And More Of The Same From Tinseltown
From the addictive conservative Hollywood website Libertas:
Today I alert your attention to writer/director Stephen Gaghan’s Syriana , starring George Clooney, Matt Damon ... Gaghan is most famous for writing Steven Soderbergh’s Traffic , for which Gaghan took home an Oscar. He’s also responsible for ruining … excuse me, writing the screenplay for the revisionist The Alamo that lost Disney a mountain of money.
Gaghan’s Traffic , of course, attacked the government’s ‘war on drugs’ as futile and destructive. [This is the ’sophisticated’ interpretation of drug-policy enforcement, you know.] The Alamo presented a pantheon of American heroes as drunks, cowards and indifferent louts. Now Gaghan has turned his discerning eye to what the Internet Movie Database refers to as “a first-person account of the CIA’s false confidence concerning the future of the Middle East after the end of the Cold War.”
...
Get the picture, here? For those of you who may be a little new to this, let me translate the storyline:
1) Oil companies=bad. Government regulation of oil companies=good.
2) Muslim terrorists=tragic/’complex’ figures, well-intentioned, good hearts.
3) Bush Administration I=the root cause of 9/11. Eight years of intervening Clinton foreign policy had NOTHING to do with it.
Get ready. 3+ years after 9/11, and a year removed from Fahrenheit 9/11 , Hollywood is now getting comfortable telling you what they really think about the War on Terror. And now they’re not going to use documentaries - they’re going to tell their stories in glossy, big-budget extravaganzas designed to “make us think.”
Yep. A nice bookend to The Interpreter.
Hollywood hasn't figured out that anti-Americanism is now the norm. Is now playing it safe. Is now not-original. Is now not-revolutionary. These unpatriotic artistes may feel radical, but in fact they're the farthest thing from it.
There is no safer political movie to be made in Hollywood than one which attacks America. It takes no guts to create such a thing. There's no radicalism in that. In fact, it's really toting the corporate line and kissing the industry's ass. In other words: Selling out.

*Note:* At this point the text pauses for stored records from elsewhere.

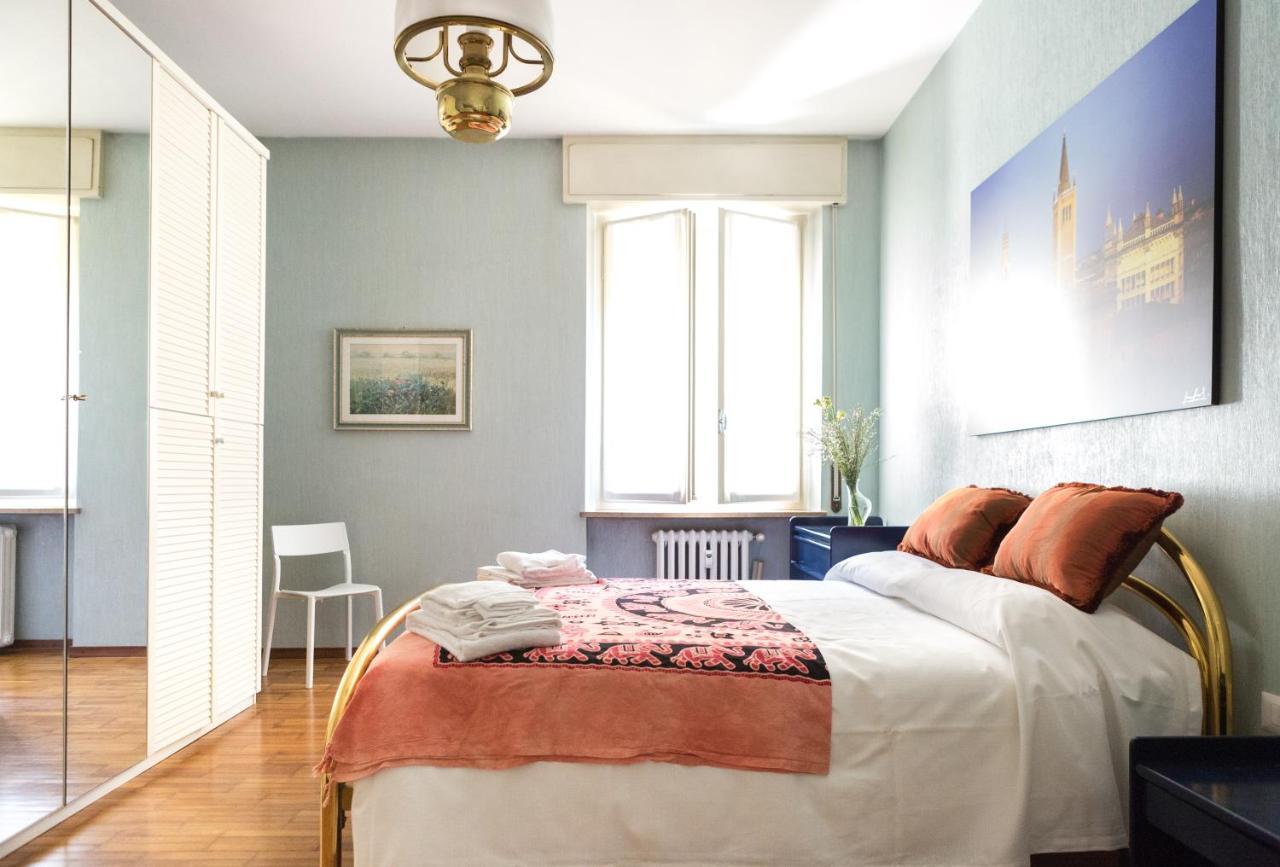Parma A Due Passi Dal Duomo Apartment エクステリア 写真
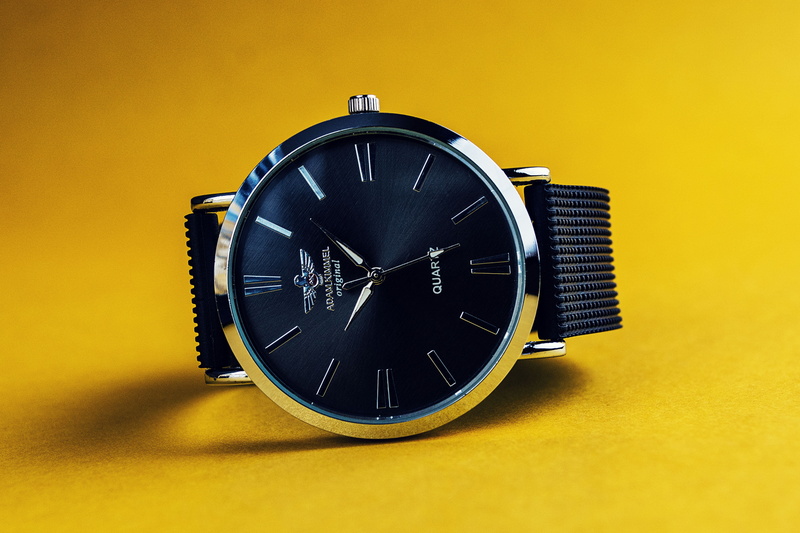 minute hand, silver colored, clock face, analog, luxury, indoors, watch, stopwatch, wrist, 4K, yellow, time, cut out, wealth, oclock face, colored, steel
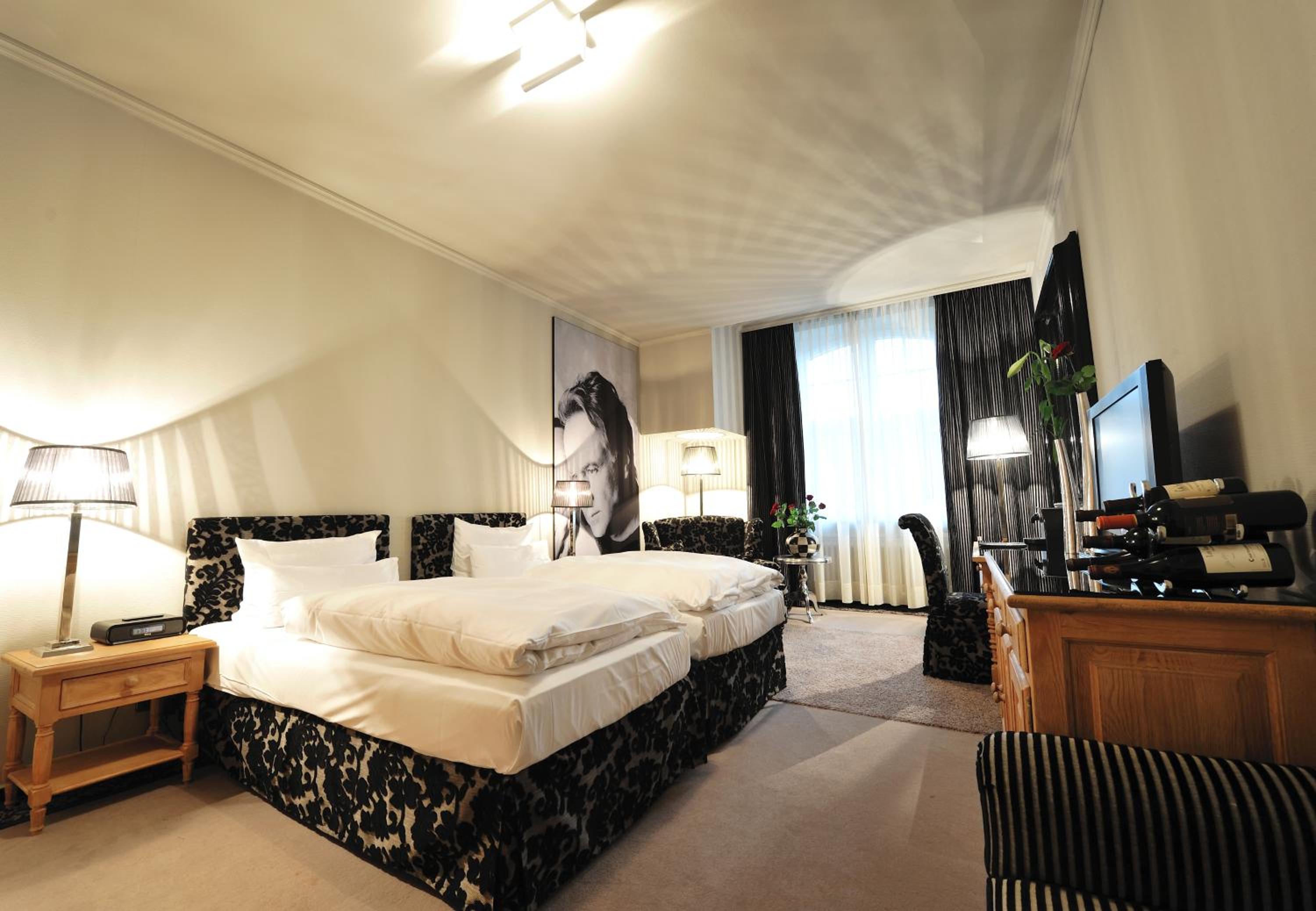 Deluxe Double Room - Photo 10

The new revolutionaries in the film world will be the ones who depict America fairly and with respect. Who are unafraid to portray Muslims as terrorists and America as the victims of 9/11. Who will portray Bush as the liberator of Iraq and Afghanistan. Who will portray Reagan as the peacemaker of our time. Who will portray people of religion as the caring decent people most of them are. Who are unafraid to film the truths of America when we have risen and selflessly sacrificed for others. And yes, we have. Often.
Those filmmakers will be the brave counter-culture-ist radicals these super wealthy pansy-ass lefties think they are even as they're greenlit, feted, chauffeured, toasted, and honored everywhere they go. Yeah, you got real guts Gaghan. Couple of brass ones. Swimming with the tide, you man you.
BTW: I find it wonderfully ironic John Wayne's Alamo treated Santa Ana's men with considerable respect and Gaghan's Alamo treated our men as trash. Note to Hollywood: Anti-Americanism is intolerance. Hating Americans is racist. We are a race after all. And self-loathing racists are still racists.
John Wayne, often written off as a right wing bigot by the left, was one of the first directors to not portray Mexicans as gold-toothed sweaty drunks going on about "steenking badges." Unfortunately, Gaghan was unable to muster the same tolerance towards the Americans in his Alamo. It's called prejudice. It's also called lying.
There does seem to be a trend. Two recent, reasonably good movies found it necessary to put in the "Americans Bad" bit: Hidalgo, which starts with the massacre of an Indian village (Wounded Knee). I forget the other one, but it was also a Western and included the same kind of bias.